8. The Petitioner was promoted as Assistant Engineer on 11th March, 1992. His basic pay drawn was at the rate of Rs.3,700/-, at the relevant time, which should have been Rs.3,200/- and by addition of one increment due to promotion it could be fixed at the rate of Rs.3,300/-. Still however, since the Petitioner exercised his option for deffering the date of increment as required under Regulation 23 of the Municipal Service Regulation, his basic pay would be Rs.3,500/-p.m. but the same was wrongly fixed at Rs.3,800/-on assumption that his previous basic pay was Rs.3,700/-. The subsequent fixation of pay was improper and incorrect since the previous error was carried forward while adding the increment.

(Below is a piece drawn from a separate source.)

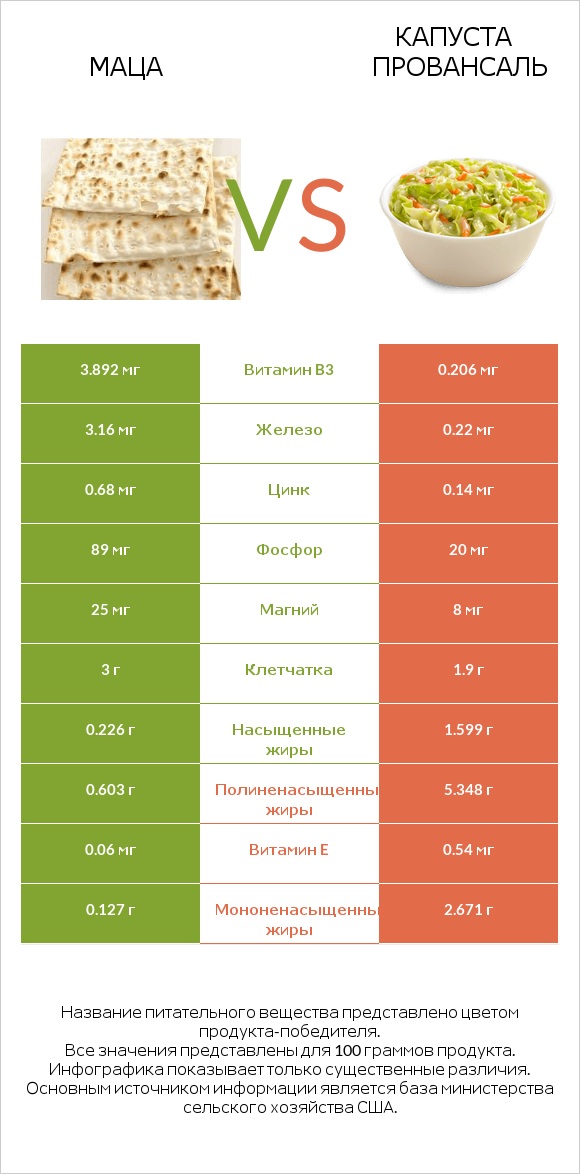 Маца vs Капуста Провансаль infographic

9. It appears from the letter of Deputy Auditor (Additional) dated 27th November, 2002, that objections were raised when the pension papers were scrutinised and hence the Land Acquisition Department, where the Petitioner was working at the time of retirement, was called upon to explain the anomaly. The explanation submitted by the Land Acquisition Office on 31st July, 2003 (Exhibit "M") does not show as to how as on 1st July, 1981 the basic pay of the Petitioner was fixed at Rs.790/-. We are of the opinion that factual error was committed by the Respondent while fixing his basic pay at the stage of revised pay as well as subsequent stage of the pay fixation at the time of his promotion. The Respondent has given him benefit of Regulation No. 22 while fixing his pay in the promotional cadre in 1992/93. The Respondent has rectified the mistake after the audit objection was taken into account. We do not find any substantial error committed by the Respondent in this behalf. Needless to say, the Petitioner is not entitled to fixation of pension as per the actual last pay drawn but is entitled to the pensionary benefits as per the correct pay after rectification of the error, namely, instead of treating his basic pay as Rs.14,050/-it should have been treated as Rs.13,750/-.

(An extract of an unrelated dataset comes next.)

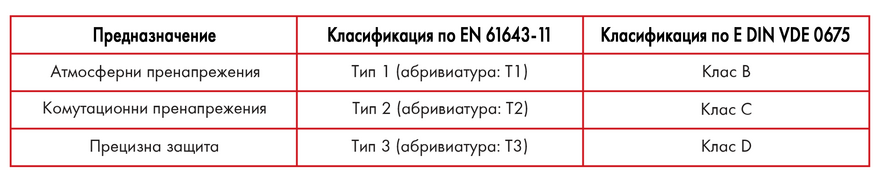 Арестори за атмосферни пренапрежения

10. Now, yet another question is as to whether the Respondent is entitled to recover the excess amount paid to the Petitioner. The Respondent has filed Civil Application Nos. 719 of 2004 and 883 of 2006 seeking recovery of the excess payment. In the case of Shyam Babu Verma and Ors. v. Union of India and Ors. , the Apex Court has observed:

Although we have held that the petitioners were entitled only to the pay scale of Rs.330-480 in terms of the recommendations of the Third Pay Commission w.e.f. January 1, 1973 and only after the period of 10 years, they became entitled to the pay scale of Rs.330-560 but as they have received the scale of Rs.330-560 since 1973 due to no fault of theirs and that scale is being reduced in the year 1984 with effect from January 1, 1973, it shall only be just and proper not to recover any excess amount which has already been paid to them. Accordingly, we direct that no steps should be taken to recover or to adjust any excess amount paid to the petitioners due to the fault of the respondents, the petitioners being in no way responsible for the same.

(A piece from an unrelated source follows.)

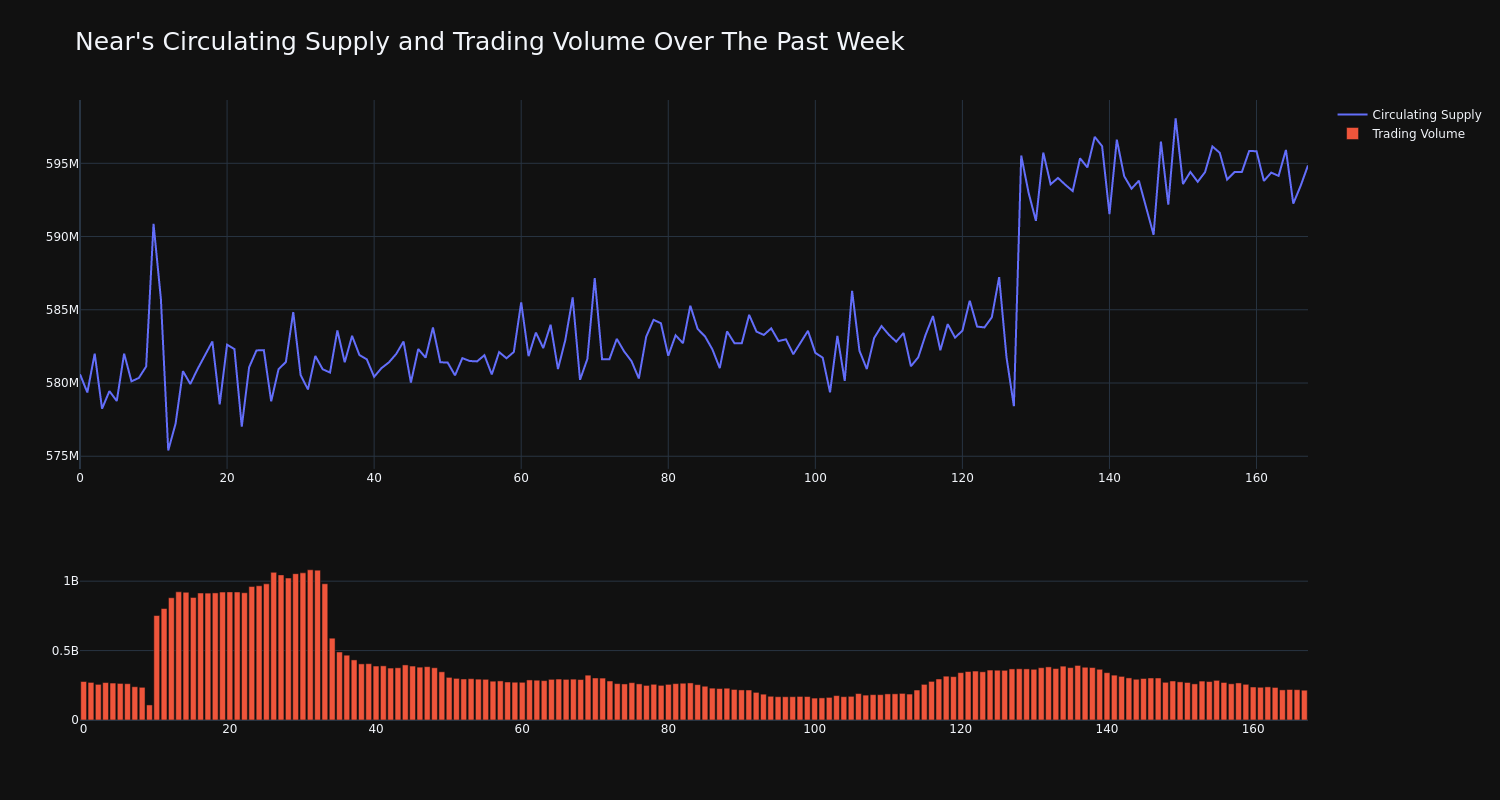 supply_and_vol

11. The Apex Court in the case of P. H. Reddy and Ors. v. N. T. R. D. and Ors. (2002) 2 SLR 694, has held that no recovery of excess payment should be directed if the payment is made erroneously without any fault on the part of the employee. In the light of the legal position settled by both the judgments, we are of the view that the Respondent cannot seek recovery of excess payment made to the Petitioner and the Civil Application Nos. 719 of 2004 and 883 of 2006 deserve to the dismissed.

12. In the result, the Petition is dismissed with a direction that pensionary benefits in accordance with the last pay fixed after rectification of the error shall be paid to the Petitioner within reasonable time frame and, in any case, within six months. Rule discharged. No order as to costs.

Civil Application Nos. 719 of 2004 and 883 of 2006 are also dismissed.